周りの人が口をそろえてオススメしてくれるし、なんといっても大好きな監督が数年ぶりに復活したのだ。
見に行かないわけがない。と自分でも思っていたし、友人からも「もう、見に行ってるもんだと思ってた。」とまで言われた。
ミニシアターの ‘‘みんな仲間‘‘ と言わんばかりの空気感と無駄な余白がなく、どの位置から見てもスクリーンを貸し切れているような風景が本当に好きだ~。と考えながら、自分で決めた赤いシートに腰かけた。
初めて訪れた映画館の席を決める時は、勝手にその空間を想像しながら設定する。
大体後ろの席を選択すれば間違いない。
斜面の角度のやさしさは当たり外れがあるなあ。
大手の映画館より出入りが激しくないためか、椅子の座り心地が上質で好きだった。
これはまさしく 人が座るためにある椅子 であった。 当たり前か。
なんて考え事をしていたら、お決まりの哀愁漂いすぎている風景がとび込んできた。
わ~、カウリスマキの愛犬じゃん~、なんて思っていたらエンドロールに入っていた。
素材を活かした食べ物を眺めている気持ちだった。
旬の。とか オーガニック。とかではなく、その辺で買った檸檬とかキャベツ。みたいな映画だった。
求めていくにはこちらが追いつかず、求めず行くには事足りたと思う。
所謂、そのままの良さ見たいなものを前面に主張しながら、今の情勢と絡ませていく様子が見事に白米に乗せるレトルトカレーであった。
重ためのやつだった。
レトルトカレーのくせに16種のスパイスにこだわった!
みたいな感じ。
ちなみに全く関係ないがレトルトはレトルトでいいんだよねえ。
なんかさっきから食べ物ばかり出てくるけどお腹すいてるのかな自分?
風景は相変わらずの淡白な色合いだけど、今回はなんとなくキーとなる色味が、1シーンにぽつぽつと共存しているように感じた。
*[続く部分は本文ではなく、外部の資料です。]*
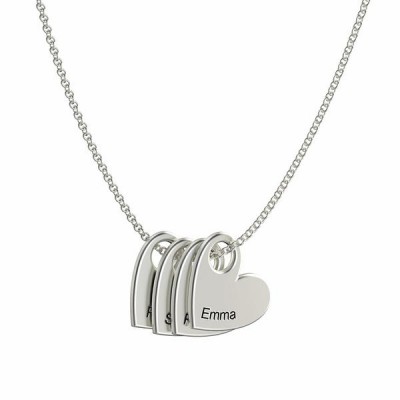 Personalised Name Necklace With 1-10 Heart Pendants Gift for Mom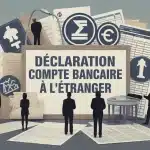 illustration déclaration compte bancaire à l'étranger avec banques et documents fiscaux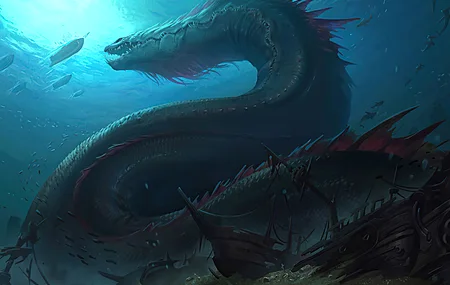 AI艺术 沉船 海洋 蛇 船 生物 深海 概念 电脑 手机壁纸 3840×2160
混ざっても黒に近い色にすらならず、色に乗せた一筋の日差しのような三原色という感じだった。
いいコントラストだった。
私はおそらくお国柄みたいなところを楽しんで観るタイプだと思う。
それこそ音楽だったり、ファッションだったり。
アンサのコートは労働三部作のどこかで着ているのを見かけた気がする。
あの時に見た軽やかな青の存在は、寒色を好む自分の中でひとつのパーツになっているような気もする。
生まれ方や生い立ち、気候、食事、人との距離、空気感、街並み、どれも私が住んでいるような街と暮らしには合致しないけれど、回りくどい恋愛は可愛くない。ということだけは共通認識?
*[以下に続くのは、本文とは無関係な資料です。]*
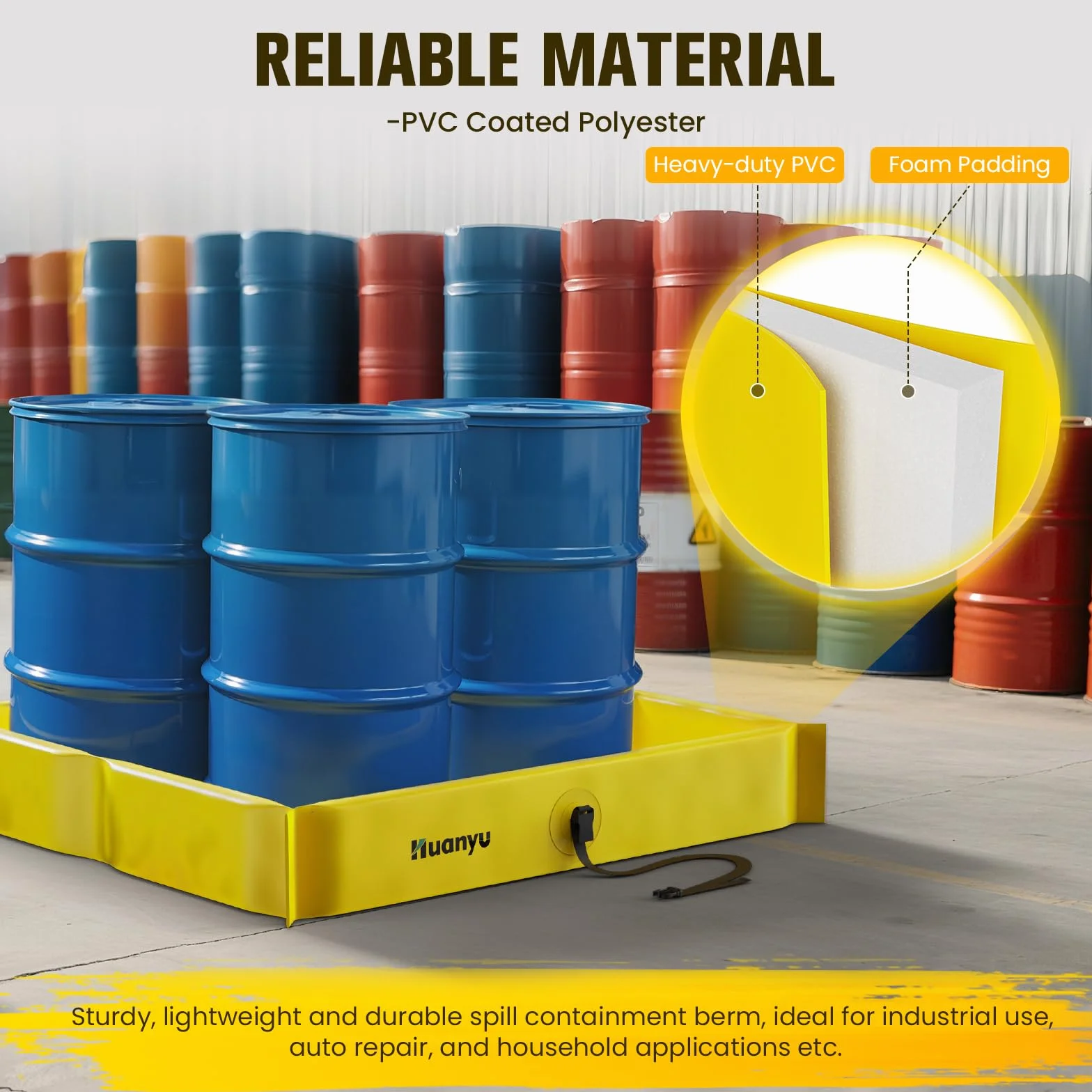 Huanyu Berma de contención de vertidos portátil 90x90cm Plataforma secundaria para contención de derrames Bandeja hermética para la industria petrolera Estanque plegable para patos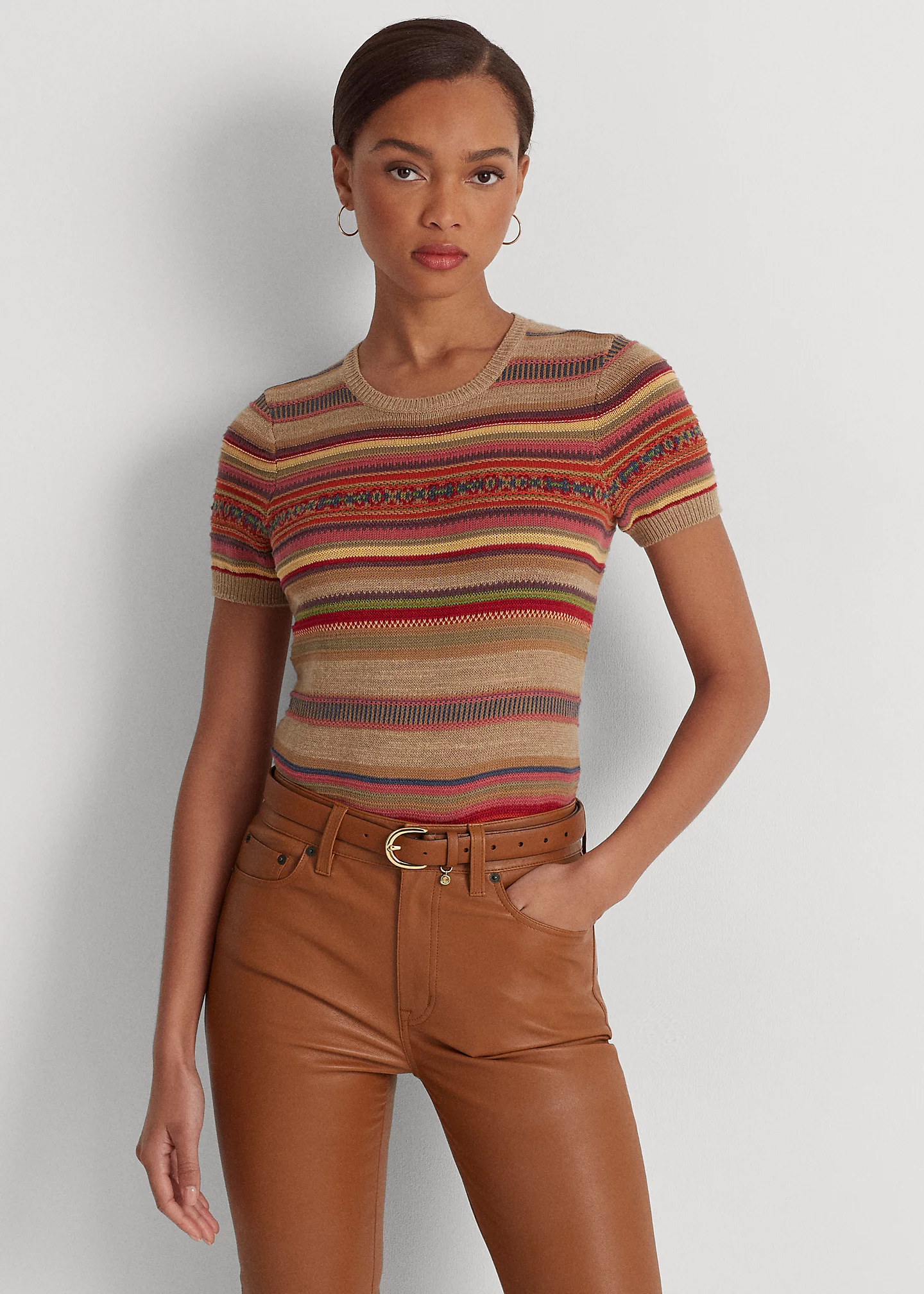 Fair Isle & Striped Short-Sleeve Sweater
私が勝手ながら可愛げがないと感じているだけなのかもしれないが、この年になって気づかされる、、奥手の厄介さ…
そういうような心の奥底に共感を忍ばせてくるのがカウリスマキ。すさまじい。もどかしい。期待はよくない。とんとんとん。
決して人ごとに感じさせないストーリーが、いつの年代でも打たれるものがあるんだなあと感じた。
遠回りがあるほど、心の距離はキュッとするんだろうね。
どうにもならなくて、すれ違うことすらない平行線のままでも良いよ。と感じていたけれど、
不器用は不器用なりに愛を伝えていくのだね。